Sadly, being Sunday, the crutches store was closed (the hospital doesn’t sell them). I spent Sunday hopping around the home stay trying to arrange a Kerala adventure that didn’t involve walking. The people at the home stay were amazingly helpful even spending the morning with me at the hospital. And since I was there at lunch time, they fed me lunch in addition to the amazing food they served for breakfast and dinner. Finally I gave up and realized that I would be better off going home so that at least I was kicking around my own space and could live in my pjs for the week, so Monday night I flew home (after acquiring crutches and going to the government shop to buy souvenirs). My two nights of stay and 5 included meals ended up costing my 1,200 rupees – $24. They even tried to tell me the tip I gave them was too much.

 

At the airport in Kerala I hobbled around on my crutches (I still don’t like to have to be reliant on people and being limited by it). But I noticed that my hands were starting to get blistered (I forgot how much crutches hurt), so when we arrived in Mumbai, knowing how big an airport it was, I said yes to a wheelchair. What I didn’t realized was that most flights (especially domestic) don’t actually go to the gate. Instead, you unload down the stairs onto the tarmac where the bus drives you the 100 yards to the building (they won’t let you walk – I tried when I first got to Kerala) This turned into the most terrifying aspect of the whole experience wherein 4 men carried me backwards in a wheelchair down the stairs. I tried to get them to let me hobble down the steps, but they had already taken my crutches.
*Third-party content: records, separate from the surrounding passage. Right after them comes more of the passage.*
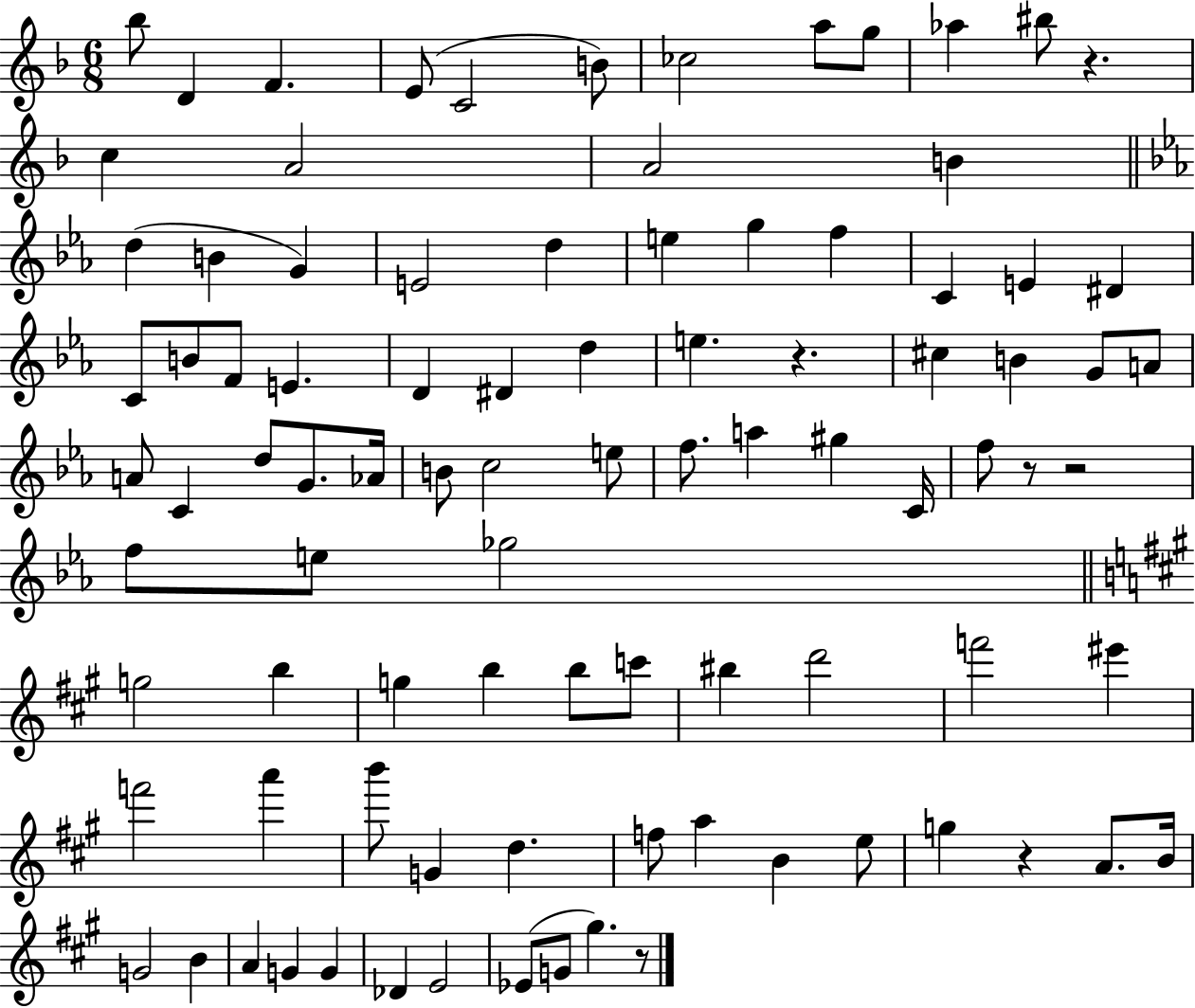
X:1
T:Untitled
M:6/8
L:1/4
K:F
_b/2 D F E/2 C2 B/2 _c2 a/2 g/2 _a ^b/2 z c A2 A2 B d B G E2 d e g f C E ^D C/2 B/2 F/2 E D ^D d e z ^c B G/2 A/2 A/2 C d/2 G/2 _A/4 B/2 c2 e/2 f/2 a ^g C/4 f/2 z/2 z2 f/2 e/2 _g2 g2 b g b b/2 c'/2 ^b d'2 f'2 ^e' f'2 a' b'/2 G d f/2 a B e/2 g z A/2 B/4 G2 B A G G _D E2 _E/2 G/2 ^g z/2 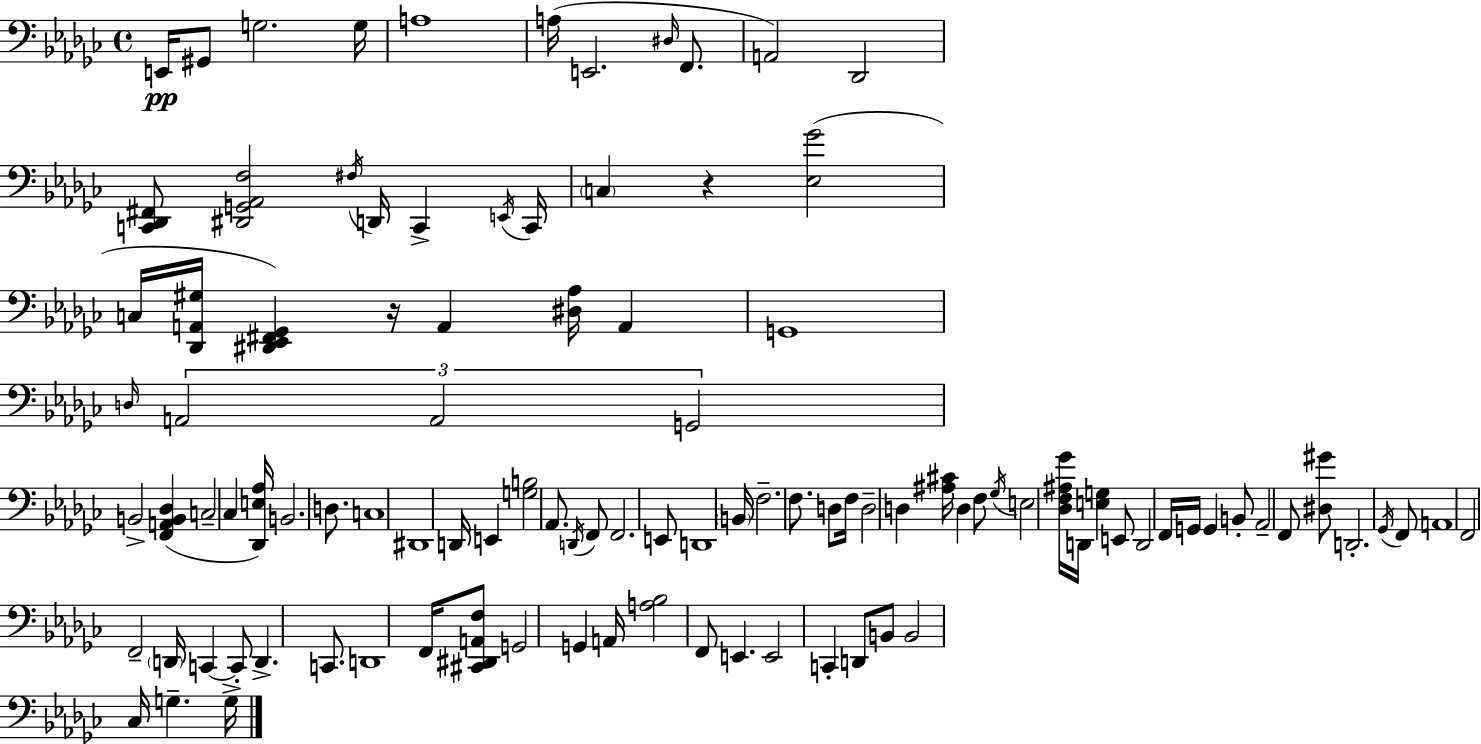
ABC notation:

X:1
T:Untitled
M:4/4
L:1/4
K:Ebm
E,,/4 ^G,,/2 G,2 G,/4 A,4 A,/4 E,,2 ^D,/4 F,,/2 A,,2 _D,,2 [C,,_D,,^F,,]/2 [^D,,G,,_A,,F,]2 ^F,/4 D,,/4 C,, E,,/4 C,,/4 C, z [_E,_G]2 C,/4 [_D,,A,,^G,]/4 [^D,,_E,,^F,,_G,,] z/4 A,, [^D,_A,]/4 A,, G,,4 D,/4 A,,2 A,,2 G,,2 B,,2 [F,,A,,B,,_D,] C,2 _C, [_D,,E,_A,]/4 B,,2 D,/2 C,4 ^D,,4 D,,/4 E,, [G,B,]2 _A,,/2 D,,/4 F,,/2 F,,2 E,,/2 D,,4 B,,/4 F,2 F,/2 D,/2 F,/4 D,2 D, [^A,^C]/4 D, F,/2 _G,/4 E,2 [_D,F,^A,_G]/4 D,,/4 [E,G,] E,,/2 D,,2 F,,/4 G,,/4 G,, B,,/2 _A,,2 F,,/2 [^D,^G]/2 D,,2 _G,,/4 F,,/2 A,,4 F,,2 F,,2 D,,/4 C,, C,,/2 D,, C,,/2 D,,4 F,,/4 [^C,,^D,,A,,F,]/2 G,,2 G,, A,,/4 [A,_B,]2 F,,/2 E,, E,,2 C,, D,,/2 B,,/2 B,,2 _C,/4 G, G,/4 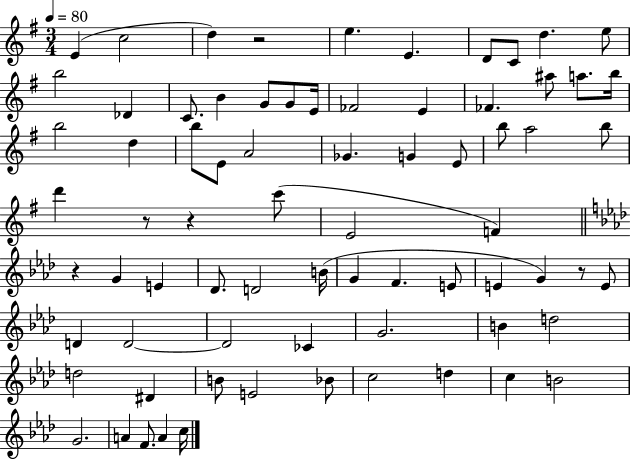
{
  \clef treble
  \numericTimeSignature
  \time 3/4
  \key g \major
  \tempo 4 = 80
  e'4( c''2 | d''4) r2 | e''4. e'4. | d'8 c'8 d''4. e''8 | \break b''2 des'4 | c'8. b'4 g'8 g'8 e'16 | fes'2 e'4 | fes'4. ais''8 a''8. b''16 | \break b''2 d''4 | b''8 e'8 a'2 | ges'4. g'4 e'8 | b''8 a''2 b''8 | \break d'''4 r8 r4 c'''8( | e'2 f'4) | \bar "||" \break \key aes \major r4 g'4 e'4 | des'8. d'2 b'16( | g'4 f'4. e'8 | e'4 g'4) r8 e'8 | \break d'4 d'2~~ | d'2 ces'4 | g'2. | b'4 d''2 | \break d''2 dis'4 | b'8 e'2 bes'8 | c''2 d''4 | c''4 b'2 | \break g'2. | a'4 f'8. a'4 c''16 | \bar "|."
} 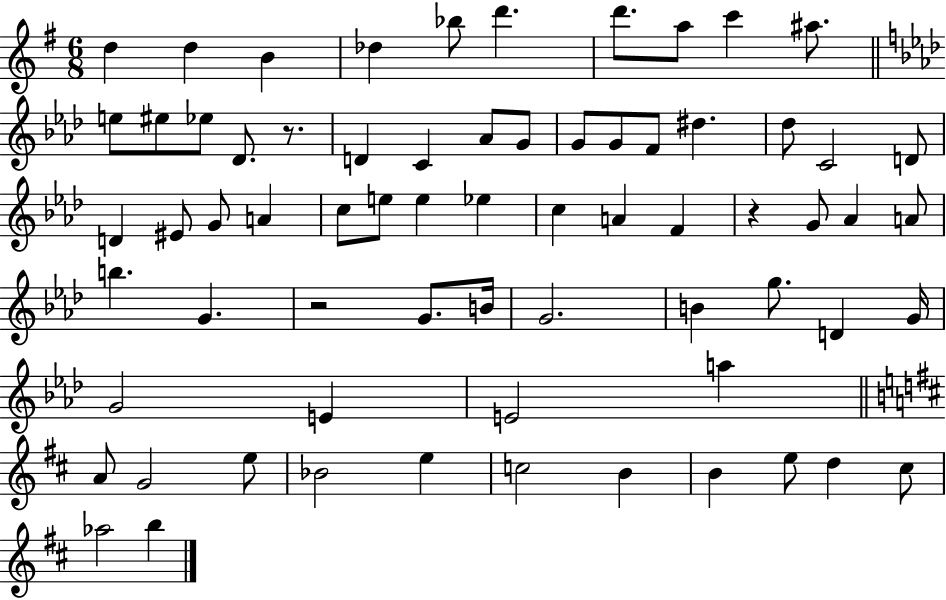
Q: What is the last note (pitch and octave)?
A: B5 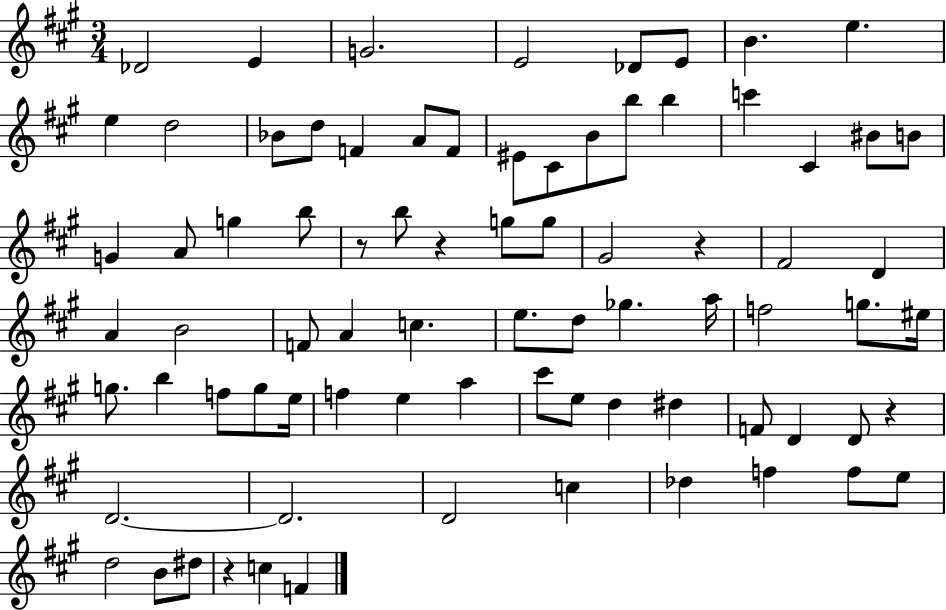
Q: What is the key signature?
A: A major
There was definitely a point at which they almost dropped me and none of it felt safe at all.

 

Now, I am home safe and sound and hobbling around my own house. It is a combination of getting stuff done in my life that can be done while sitting on the couch with my foot up, and watching movies and knitting, and building my crutches muscles. Everyone has been amazing and my boss, A’s, mom has been sending over lunch for the last two day. My foot is still huge but is turning from a lovely shade of purple to a sickly shade of green. I am hoping that by next week I might be able to walk on it – the 2 flights of stairs at the construction site are going to be a lot of work otherwise.

 

Overall, I really can’t do much other than laugh at myself. If my foot wasn’t still huge it would almost seem like a surreal dream adventure. I think it is one Indian adventure I am happy to only experience once.